Кстати, решить, как приклеить стаканчик к двери, – оказалось непростой задачей, и на ее решение у меня ушла вся ночь. В итоге, я сделал кольцо из куска желтого пластика, которое закрепил на дверце, а в него вставил стаканчик – это было гениальное инженерное решение, кольцо совпало с линиями стаканчика и было совершенно не заметно.

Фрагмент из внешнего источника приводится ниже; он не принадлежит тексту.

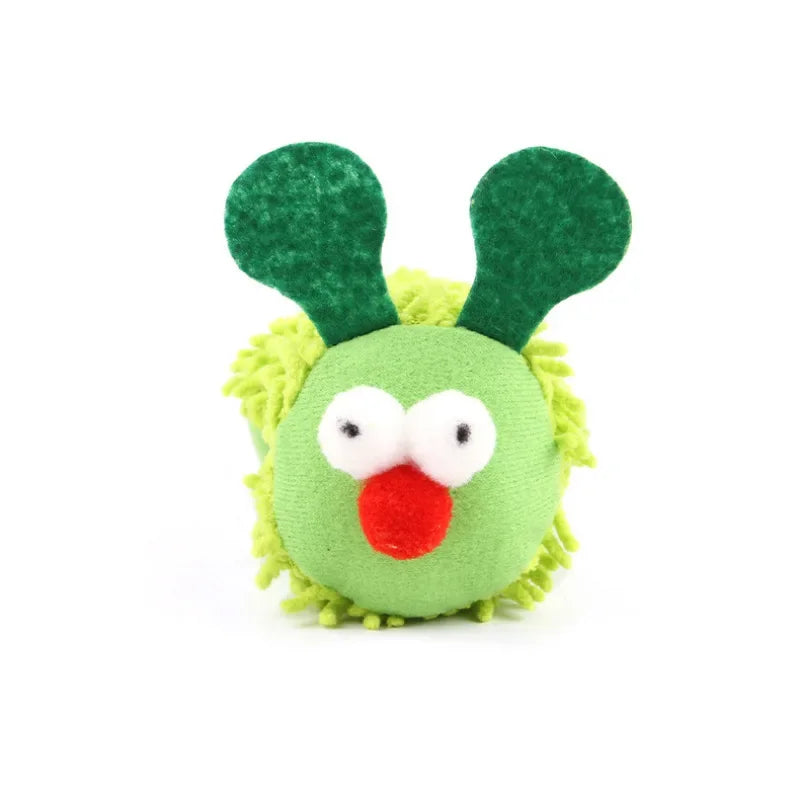 Caterpillar Catnip Chew Toy for Cats – Silvervine Molar & Teaser Toy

В итоге вся комиссия выставкома проголосовала за мою работу, хотя она немного отличалась от почти классических картин соцреализма, которые несли большинство других художников. Впрочем, был человек, который меня «переплюнул», он шел к комиссии вообще с пустыми руками и уже перед столом достал из кармана кусок мятого целлофана, когда художник развернул целлофан, стало видно вырезанное из газеты облако и буквы, складывающиеся в слово «легко». Интересно, что на выставком скульпторов этот парень принес три кирпича, а ювелирам показал бусы из канцелярского мусора, и его везде пропустили.
Это было первая моя работа, показанная широкой публике. И не успел я вставить дверцу обратно в сервант, как у меня купили эту штуку за тысячу «баксов» – огромные деньги в 1988 году.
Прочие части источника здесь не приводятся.